Lay bare your favorite documentary’s techniques using Project 1-AP-6 Analyze Editing and Content and Project 1-AP-7 Analyze Structure and Style (both in the Appendix).
After running your first assembly two or three times, it increasingly strikes you as clunky blocks of material having a dreadful lack of flow. First you may have some illustrative stuff, then several blocks of interview, then a montage of shots, then another block of something else, and so on. Sequences go by like a series of floats in a parade, each separate from its fellows. How do you get that effortless flow seen in other people’s films?
Once you have found a reasonable order for the material, you will want to combine sound and action in a form that takes advantage of counterpoint techniques. In practice, this means bringing together the sound from one shot with the image from another. To show, say, a teacher with superb theory and poor performance, you could shoot two sets of material, one of relevantly structured interview and the other of the teacher droning away in class.

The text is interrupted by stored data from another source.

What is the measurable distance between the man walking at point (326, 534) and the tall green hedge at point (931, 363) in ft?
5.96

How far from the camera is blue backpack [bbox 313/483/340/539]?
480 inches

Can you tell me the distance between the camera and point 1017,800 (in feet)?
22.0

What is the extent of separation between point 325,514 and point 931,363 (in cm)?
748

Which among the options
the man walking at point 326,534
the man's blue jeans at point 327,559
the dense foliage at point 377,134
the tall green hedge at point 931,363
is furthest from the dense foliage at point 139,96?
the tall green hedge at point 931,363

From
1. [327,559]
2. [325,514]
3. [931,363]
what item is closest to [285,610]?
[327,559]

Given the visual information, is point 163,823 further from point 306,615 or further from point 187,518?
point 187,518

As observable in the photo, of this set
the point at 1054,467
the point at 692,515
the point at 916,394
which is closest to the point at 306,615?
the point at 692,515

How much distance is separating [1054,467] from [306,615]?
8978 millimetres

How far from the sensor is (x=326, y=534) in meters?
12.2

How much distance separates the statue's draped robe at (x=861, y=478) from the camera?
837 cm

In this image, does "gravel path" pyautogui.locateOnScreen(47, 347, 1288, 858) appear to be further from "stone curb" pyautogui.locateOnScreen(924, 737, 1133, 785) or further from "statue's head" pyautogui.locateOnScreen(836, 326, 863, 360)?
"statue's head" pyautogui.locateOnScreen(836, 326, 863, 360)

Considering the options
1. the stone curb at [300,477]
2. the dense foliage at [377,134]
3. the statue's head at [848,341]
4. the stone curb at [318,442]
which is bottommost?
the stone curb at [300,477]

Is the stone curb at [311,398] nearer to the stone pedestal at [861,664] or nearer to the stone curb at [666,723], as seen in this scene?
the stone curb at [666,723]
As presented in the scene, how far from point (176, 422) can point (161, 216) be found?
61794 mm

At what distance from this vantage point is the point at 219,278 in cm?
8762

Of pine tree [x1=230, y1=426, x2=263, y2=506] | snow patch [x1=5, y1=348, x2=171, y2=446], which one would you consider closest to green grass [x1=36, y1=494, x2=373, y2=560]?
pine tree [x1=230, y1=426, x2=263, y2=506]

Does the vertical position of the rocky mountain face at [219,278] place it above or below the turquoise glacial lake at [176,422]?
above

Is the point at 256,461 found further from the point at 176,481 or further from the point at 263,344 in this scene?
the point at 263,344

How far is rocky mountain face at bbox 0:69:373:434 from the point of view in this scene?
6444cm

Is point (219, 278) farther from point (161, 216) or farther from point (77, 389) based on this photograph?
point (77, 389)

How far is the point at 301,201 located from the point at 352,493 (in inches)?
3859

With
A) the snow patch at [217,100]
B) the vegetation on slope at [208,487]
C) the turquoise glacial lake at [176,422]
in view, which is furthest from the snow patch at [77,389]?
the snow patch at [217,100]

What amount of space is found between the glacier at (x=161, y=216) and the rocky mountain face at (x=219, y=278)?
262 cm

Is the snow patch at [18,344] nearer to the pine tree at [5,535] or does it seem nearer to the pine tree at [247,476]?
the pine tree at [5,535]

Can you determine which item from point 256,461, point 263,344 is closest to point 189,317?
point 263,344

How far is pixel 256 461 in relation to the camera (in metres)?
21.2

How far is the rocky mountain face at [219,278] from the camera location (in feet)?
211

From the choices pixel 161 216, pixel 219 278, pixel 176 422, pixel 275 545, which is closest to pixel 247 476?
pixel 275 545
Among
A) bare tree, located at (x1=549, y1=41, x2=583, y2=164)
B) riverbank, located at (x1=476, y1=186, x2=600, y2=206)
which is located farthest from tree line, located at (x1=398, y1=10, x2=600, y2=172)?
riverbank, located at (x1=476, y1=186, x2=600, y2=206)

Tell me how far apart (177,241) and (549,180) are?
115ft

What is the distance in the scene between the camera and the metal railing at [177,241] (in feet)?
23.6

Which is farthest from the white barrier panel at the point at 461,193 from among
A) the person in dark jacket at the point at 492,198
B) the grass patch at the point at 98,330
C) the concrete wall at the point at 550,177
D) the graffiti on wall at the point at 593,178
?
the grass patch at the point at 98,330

We edit these materials into juxtaposition. The conservative, first-assembly method would alternate segments as in Figure 14-1A: a block of interview in which the man begins explaining his ideas, then a block of teaching, then another block of explanation, then another of teaching, and so on until the point is made. This is a common, although clumsy, way to accomplish the objective in the assembly stage. After a little back-and-forth cutting, technique and message are predictable. I think of it as boxcar cutting because each chunk goes by like boxcars on a railroad.
Instead of alternating the two sets of materials, you can integrate them as shown in Figure 14-1B. Start with the teacher examining his philosophy of teaching and then cut to the classroom sequence, with the classroom sound low and the teacher’s explanation continuing over it (this is called voice-over). When the voice has finished its sentence, we bring up the sound of the classroom sequence and play the classroom at full level. Then we lower the classroom atmosphere and bring in the teacher’s interview voice again. At the end of the classroom action, as the teacher gets interesting, we cut to him in sync (now including his picture to go with his voice). At the end of what was Block 3 in Figure 14-1A, we continue his voice but cut—in picture only—back to the classroom, where we see the bored and mystified kids of Block 4. Now, instead of having description and practice dealt with in separate blocks of material, description is laid against practice, and ideas against reality, in a harder hitting counterpoint. The benefits are multiple. The total sequence is shorter and sprightlier. Talking-head material has been kept to a decent minimum, while the behavioral material—the classroom evidence against which we measure the teacher’s ideas—is now in the majority.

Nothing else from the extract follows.